Established in 1926, the property originally opened as a vaudeville theatre under the name of 'The Alpine Theatre.'
In 1943, servicemen and civilians were involved in a series of attacks against minority youths for wearing heavy 'zoot suits,' during wartime, when fabric was rationed. The Kim Sing Theatre is rumored to have been the starting location of these infamous zoot suit riots, and listed in the Los Angeles Historical Library as such.
In the late 1960's, the theatre officially dawned its new name: The Kim Sing Theatre. The historic building was also transitioned to a single screen movie theatre - a place where many locals have fond memories of catching popular kung-fu movie showings. Snacks at the theatre in that day featured salted shredded red ginger strips, salted dried plums, or maybe some M&M’s (no popcorn here)!

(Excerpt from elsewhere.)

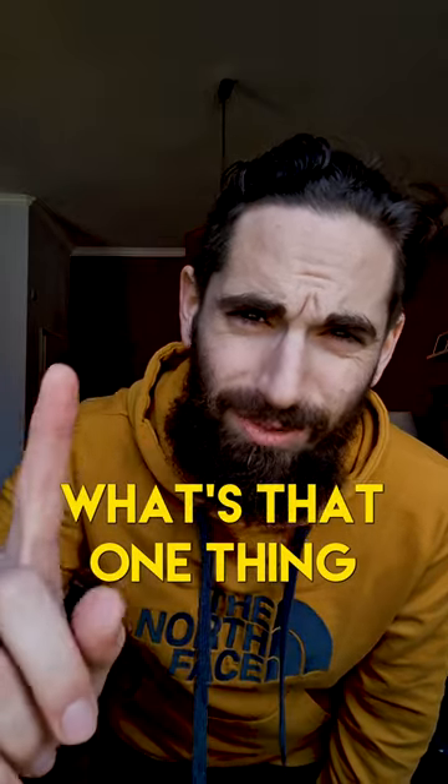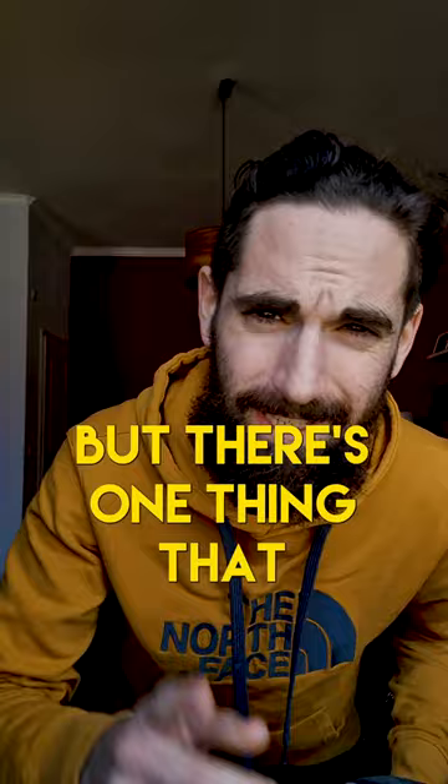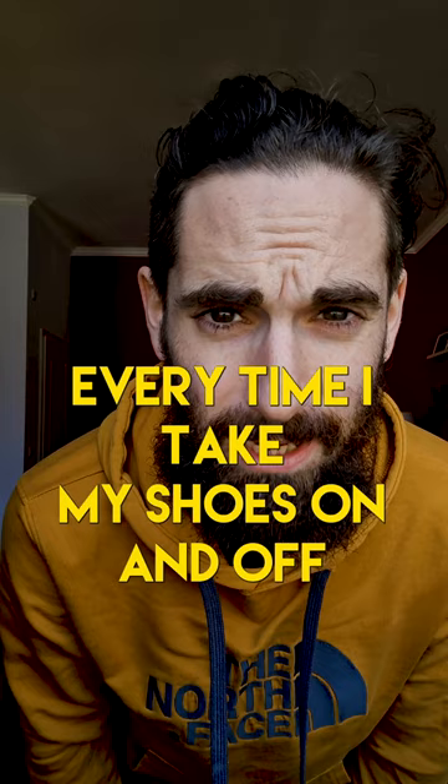What's up YouTube — what's that one thing you hate about your favorite pair of running shoes? As you guys know, I absolutely love the Ultra Vanish Tempo and there's not much that I don't like about them, but there's one thing that always annoys me with every run, and that is the lacing system. As you can see, the lacing system has kind of a webbed form of eyelets, and that bugs me every time I take my shoes on and off — I always have such a hard time getting them to fit right.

In 1999, Willard Ford, son of Harrison Ford, saw the promise within Kim Sing’s then-unused theatre and redefined the potential use of the space. Keeping the historic presence of the bow truss ceilings and the original marquee sign, Ford transformed the theatre to include an internal courtyard, an audio-visual room, a large kitchen and retail space.
In the 16 years that Ford occupied the historic Kim Sing Theatre, the space recieved more than a design overhall- it was also the birthplace of Ford's company. Flagship is a multi-interest fashion, design, marketing, public relations, wholesale representation, and brand development company. It’s a brand new combination of Willard’s previous interests, and the Kim Sing Theatre was the perfect historic and inspiring hybrid for it.
Now, the Kim Sing Theatre is re-opened to the public for the first time in over 20 years. KST offers a unique space, carefully tended to and treasured by its proprietors. Here, an experience of secret space and timeless design unfolds. Presented to you for the first time in a long time.